DiracKernel
The Dirac kernel with conditional mean prameter $\mu$ is denotd by
\[k(y\mid x) = \delta(y - \mu(x)).\]
Types
MarkovKernels.AbstractDiracKernel
— TypeAbstractDiracKernel
Abstract type for representing Dirac kernels.
MarkovKernels.DiracKernel
— TypeDiracKernel
Type for representing Dirac kernels K(y,x) = δ(y - μ(x)).
MarkovKernels.IdentityKernel
— TypeIdentityKernel
Struct for representing kernels that act like identity under marginalization.
Type aliases
const AffineDiracKernel{T} = DiracKernel{T,<:AbstractAffineMap}
Constructors
MarkovKernels.DiracKernel
— MethodDiracKernel(Φ::AbstractMatrix, Σ)
Creates a DiracKernel with a linear conditional mean function given by
x ↦ Φ * x.
MarkovKernels.DiracKernel
— MethodDiracKernel(Φ::AbstractMatrix, b::AbstractVector, Σ)
Creates a DiracKernel with an affine conditional mean function given by
x ↦ b + Φ * x.
MarkovKernels.DiracKernel
— MethodDiracKernel(Φ::AbstractMatrix, b::AbstractVector, c::AbstractVector, Σ)

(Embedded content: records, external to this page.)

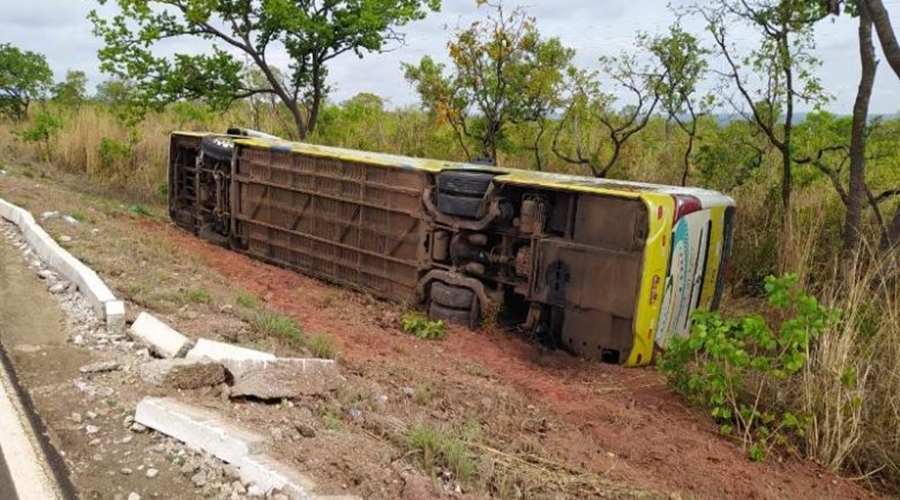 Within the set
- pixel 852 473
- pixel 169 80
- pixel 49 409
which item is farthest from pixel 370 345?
pixel 169 80

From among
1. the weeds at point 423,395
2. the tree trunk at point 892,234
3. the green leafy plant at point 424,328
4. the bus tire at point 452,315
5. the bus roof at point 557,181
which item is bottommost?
the green leafy plant at point 424,328

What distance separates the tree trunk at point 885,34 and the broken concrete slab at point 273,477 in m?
6.97

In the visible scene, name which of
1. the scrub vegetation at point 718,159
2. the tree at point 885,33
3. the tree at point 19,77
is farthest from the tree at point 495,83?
the tree at point 19,77

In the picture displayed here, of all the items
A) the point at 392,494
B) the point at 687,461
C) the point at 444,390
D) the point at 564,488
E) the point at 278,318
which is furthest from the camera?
the point at 278,318

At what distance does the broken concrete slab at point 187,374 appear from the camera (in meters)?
4.46

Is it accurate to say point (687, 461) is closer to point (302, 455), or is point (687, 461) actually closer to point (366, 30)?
point (302, 455)

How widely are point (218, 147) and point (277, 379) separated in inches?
322

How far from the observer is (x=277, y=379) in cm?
445

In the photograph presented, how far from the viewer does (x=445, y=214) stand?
27.6 ft

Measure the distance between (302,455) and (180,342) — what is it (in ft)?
5.95

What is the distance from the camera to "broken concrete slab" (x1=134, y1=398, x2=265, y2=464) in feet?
12.0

Creates a DiracKernel with an affine corrector conditional mean function given by
x ↦ b + Φ * (x - c).
Basics
Statistics.mean
— Methodmean(K::AbstractDiracKernel)
Computes the conditonal mean function of the Dirac kernel K. That is, the output is callable.
Conditioning and sampling
MarkovKernels.condition
— Methodcondition(K::AbstractDiracKernel, x)
Returns a Dirac distribution corresponding to the Dirac kernel K evaluated at x.
Base.rand
— Methodrand(::AbstractRNG, K::AbstractDiracKernel, x::AbstractVector)
Computes a random vector conditionally on x with respect the the Dirac kernel K using the random number generator RNG. Equivalent to mean(K)(x).
Base.rand
— Methodrand(K::AbstractDiracKernel, x::AbstractVector)
Computes a random vector conditionally on x with respect the the Dirac kernel K using the random number generator Random.GLOBAL_RNG. Equivalent to mean(K)(x).